In case the name isn’t a give-away, L.A.-based band Brian Jonestown Massacre trades mostly in slightly twisted, guitar-based rock inspired by the likes of the Rolling Stones, the Kinks and glam-era David Bowie, music that no longer fits into many radio programmers’ plans, but music that nonetheless retains an ability to inspire when it’s presented with the frivolous attitude of this odd lot.
Guitarist-vocalist Anton Newcombe, whose gruff and melodic delivery is alternately comparable to that of Ray Davies, Keith Richards and Bob Dylan, is the songwriter and leader of the low-key psychedelic band, though he performs with little fanfare at the far right side of the stage.
Scruffy tambourine player Joel Gion (whose abundant sideburns have to be seen to be appreciated) stood front and center of the group (which adds a couple players for live perfs), stoically playing his simple instrument as if his were the musical lead, all the while distracting the listener from what was occasionally indistinct faux Brit-pop with his off-handed comedic manner.

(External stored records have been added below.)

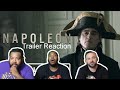 NAPOLEON - Official Trailer Reaction(2023)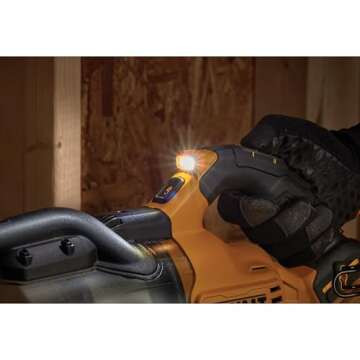 DEWALT 20V Vacuum, Cordless Handheld Vacuum, HEPA, Battery Not Included (DCV501HB)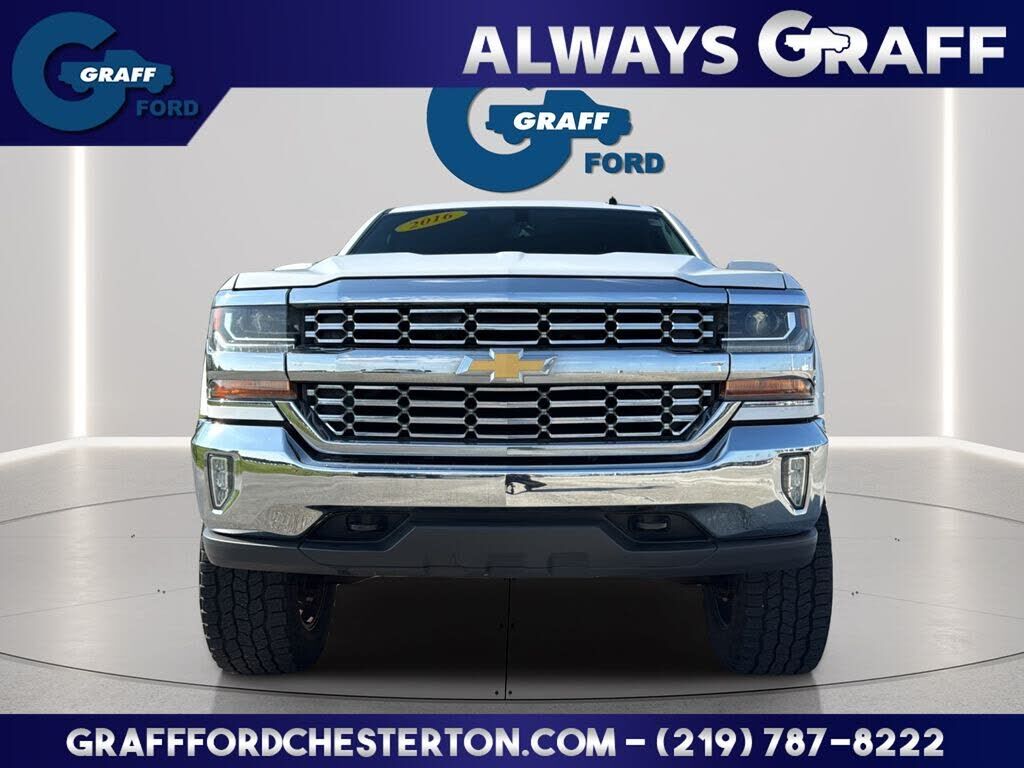 2016 CHEVROLET Silverado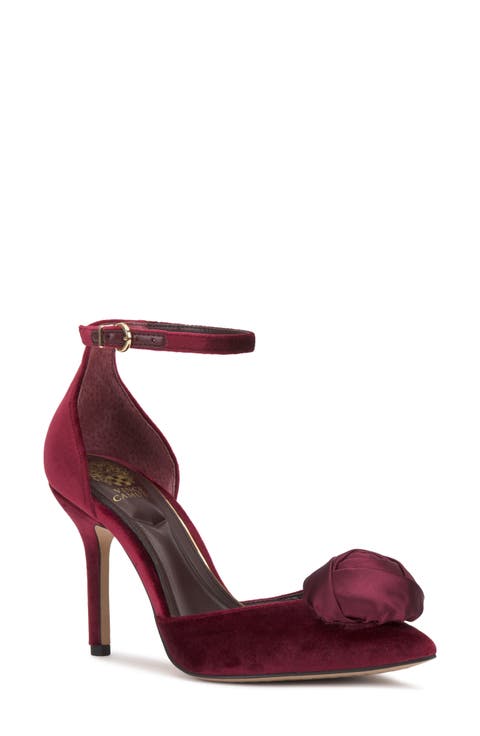 Mirezzo Pointed Toe d'Orsay Pump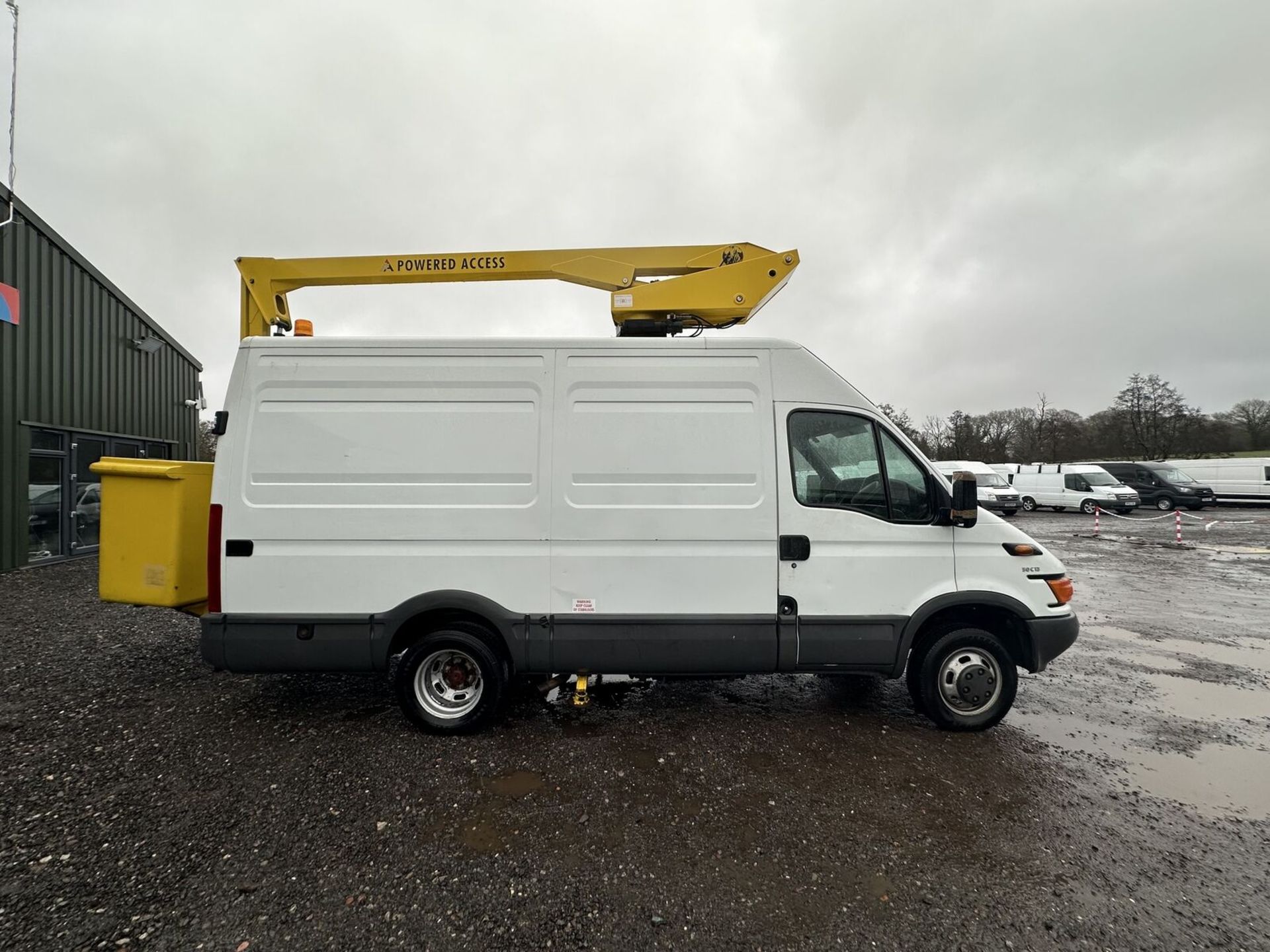 2005 IVECO DAILY CHERRY PICKER - POTENTIAL WIRING FAULT >>--NO VAT ON HAMMER--<<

At the almost-full Troubadour, the band which has released a half-dozen mostly obscure albums in the past three years, was most engaging when its slow, poppy songs of heartache and other human frailties, many taken from its new “Strung out in Heaven” (TVT) album, drifted into thick and intense guitar excursions featuring as many as four of the instruments. It created an impressive and unusual wall of sound.
There was very little positive energy evident between the players, or between the band and the audience, though, and once Gion lost his tambourine and began shoving his bandmates out of boredom, the players all seemed to lose their focus.